RECORD SET
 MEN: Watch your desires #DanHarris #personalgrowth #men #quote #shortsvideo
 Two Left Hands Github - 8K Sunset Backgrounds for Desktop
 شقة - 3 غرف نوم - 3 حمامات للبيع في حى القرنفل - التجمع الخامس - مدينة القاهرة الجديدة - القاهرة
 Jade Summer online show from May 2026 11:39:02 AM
---
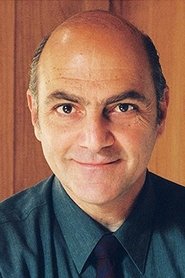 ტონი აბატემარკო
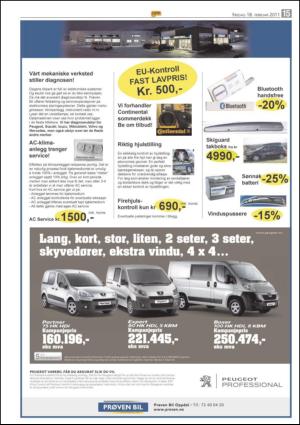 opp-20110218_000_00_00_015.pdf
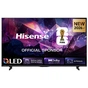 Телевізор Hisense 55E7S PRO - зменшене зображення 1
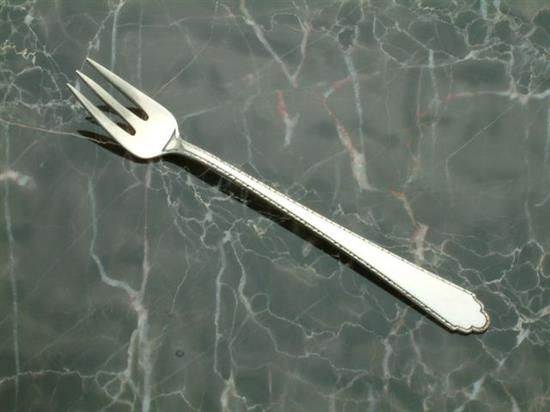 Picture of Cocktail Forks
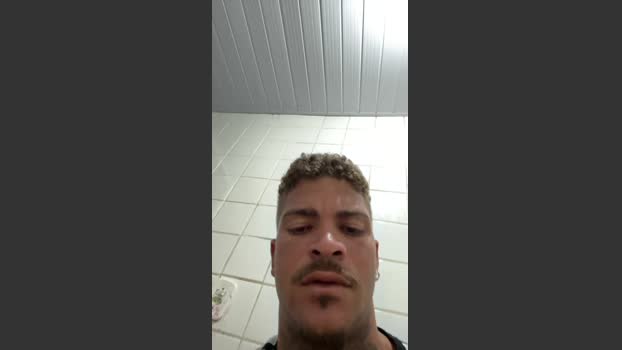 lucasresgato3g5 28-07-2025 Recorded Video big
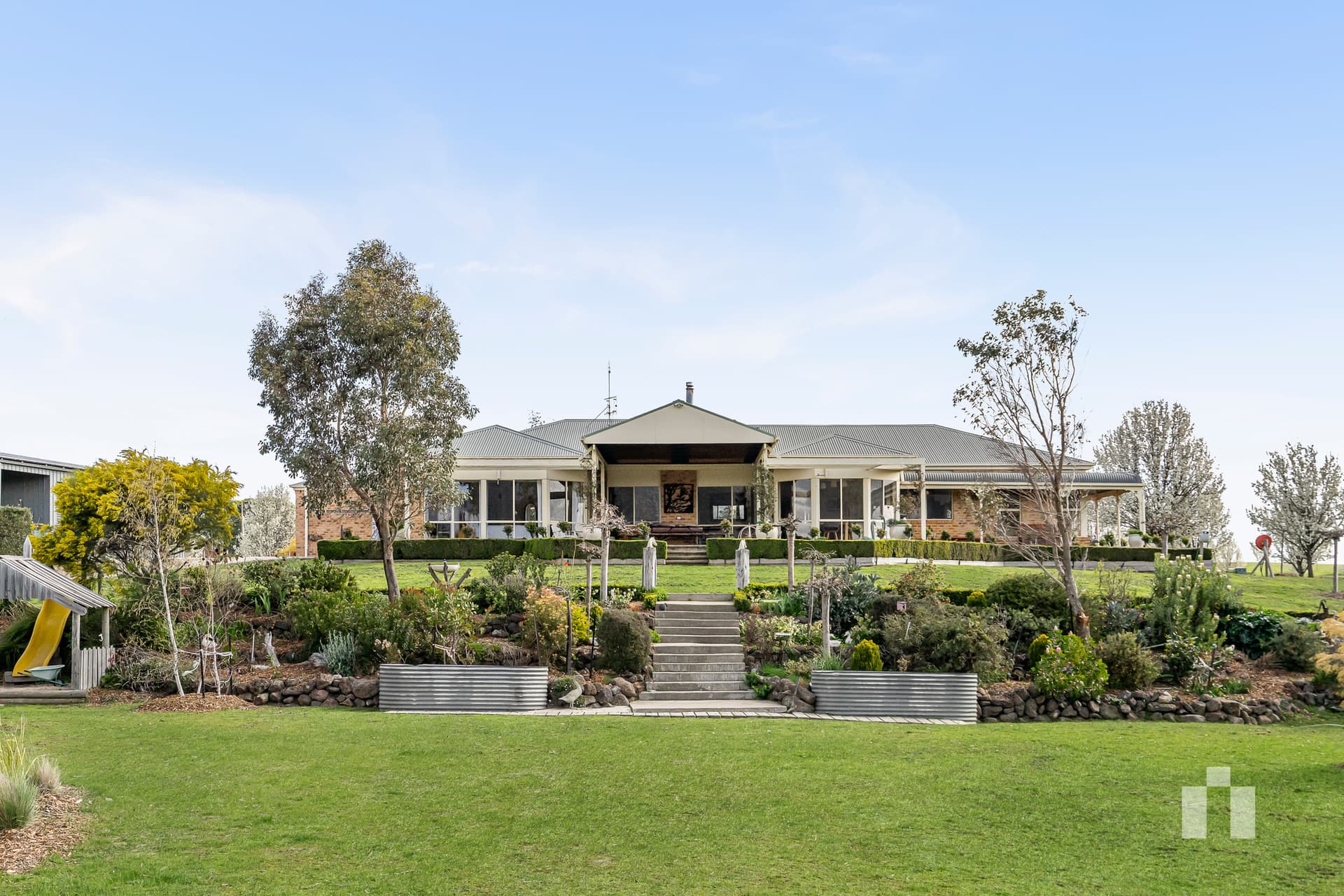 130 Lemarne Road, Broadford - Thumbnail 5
...
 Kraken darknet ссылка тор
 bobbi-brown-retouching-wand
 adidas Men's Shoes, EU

WHAT THIS TASK INVOLVES
Look through the material above and print exactly the lines from the one containing "MEN: Watch your" to the one containing "Jade Summer online", both included, and nothing more.

EXERCISE ANSWER
 MEN: Watch your desires #DanHarris #personalgrowth #men #quote #shortsvideo
 Two Left Hands Github - 8K Sunset Backgrounds for Desktop
 شقة - 3 غرف نوم - 3 حمامات للبيع في حى القرنفل - التجمع الخامس - مدينة القاهرة الجديدة - القاهرة
 Jade Summer online show from May 2026 11:39:02 AM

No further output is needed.